Leur tour du monde écolo à bord d'Amasia se passe à merveille

L'histoire

Ils vivent leur rêve les yeux ouverts ! Partis du Crouesty, le 21 septembre, à bord d'Amasia, un ketch entièrement rééquipé « Zéro émission », les quatre copains d'Éco sailing project poursuivent leur tour du monde écologique à la voile.

Martin Delapanne, Arzonnais d'origine, Pierre Laparre, François Allemand et Béranger Laurent, qui viennent de finir leurs études, mènent un projet unique et inédit qu'ils ont imaginé.

Bateau équipé par Naviwatt

Ils ont pris le large après s'être débarrassés du vieux diesel polluant qui équipait leur bateau pour le remplacer par deux moteurs électriques mis au point spécialement par Naviwatt. La société arzonnaise croit depuis 2008 en la propulsion électrique dans la plaisance. L'énergie dont ils ont besoin au quotidien leur est fournie par des éoliennes, douze panneaux solaires et un hydrogénérateur.

Direction : le Golfe de Gascogne : « Alors que nous avions encore la terre en vue, on a pêché notre premier poisson que François, super chef, s'empressa de cuisiner au citron. Du lourd ! Puis un gang de dauphins est venu nous souhaiter bon vent. Et puis... une baleine ! Quel émerveillement ! »

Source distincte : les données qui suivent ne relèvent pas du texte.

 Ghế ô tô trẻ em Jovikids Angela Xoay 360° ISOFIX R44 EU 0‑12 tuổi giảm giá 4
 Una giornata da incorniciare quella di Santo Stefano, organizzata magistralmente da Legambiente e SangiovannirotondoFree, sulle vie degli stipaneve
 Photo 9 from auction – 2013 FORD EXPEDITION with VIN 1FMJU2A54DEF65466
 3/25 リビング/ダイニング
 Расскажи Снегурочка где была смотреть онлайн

Quelques heures plus tard, le temps change et c'est le premier coup de vent essuyé par l'équipage. Puis c'est le retour au calme. « Nous en profitons pour tester l'endurance de nos moteurs : ceux-ci ont tourné durant 20 heures à 3 noeuds, nous permettant d'arriver silencieusement et sans une goutte d'essence à La Corogne pour une escale de plusieurs jours. »

Ils profitent de toucher terre « pour optimiser encore et toujours la monture. On consolide l'étanchéité, on remplace des charnières, un winch d'artimon et surtout on récupère ».

Le 4e parc éolien mondial

Une semaine plus tard, cap sur Madère. « Nous longeons la côte espagnole, observant les immenses et interminables champs d'éoliennes plantés là. Depuis un an, en Espagne, l'énergie éolienne est la première source d'électricité avec 21,1 % de la production. En terme de puissance, le pays possède le quatrième parc éolien mondial. »

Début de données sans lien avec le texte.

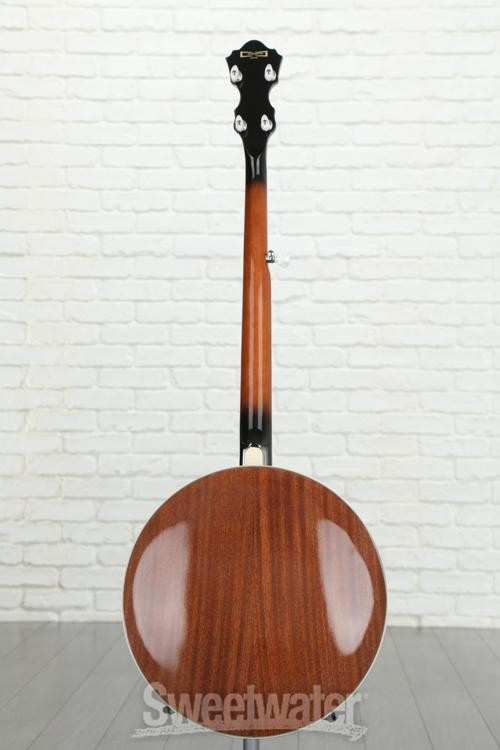 Ibanez B200 Banjo - Natural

Après six jours de navigation et un joli coup de tabac qui les a contraints à une escale rapide, ils atterrissent à Porto Santo à Madère, « quasiment autonome grâce aux énergies renouvelables. On aperçoit d'ailleurs de nombreux champs d'éoliennes et de panneaux solaires en arrivant ». Ils ne s'éternisent pas aux Canaries, « mais c'est le moment d'effectuer les dernières réparations importantes et le dernier gros avitaillement avant le Cap-Vert et la transatlantique ».

Direction : le Cap vert. Sur l'île de Boa Vista plus particulièrement. « Les projets de construire toujours plus de villages de vacances dans ces zones pourtant protégées peuvent sembler bien paradoxaux. Non au tourisme de masse, oui au tourisme doux ».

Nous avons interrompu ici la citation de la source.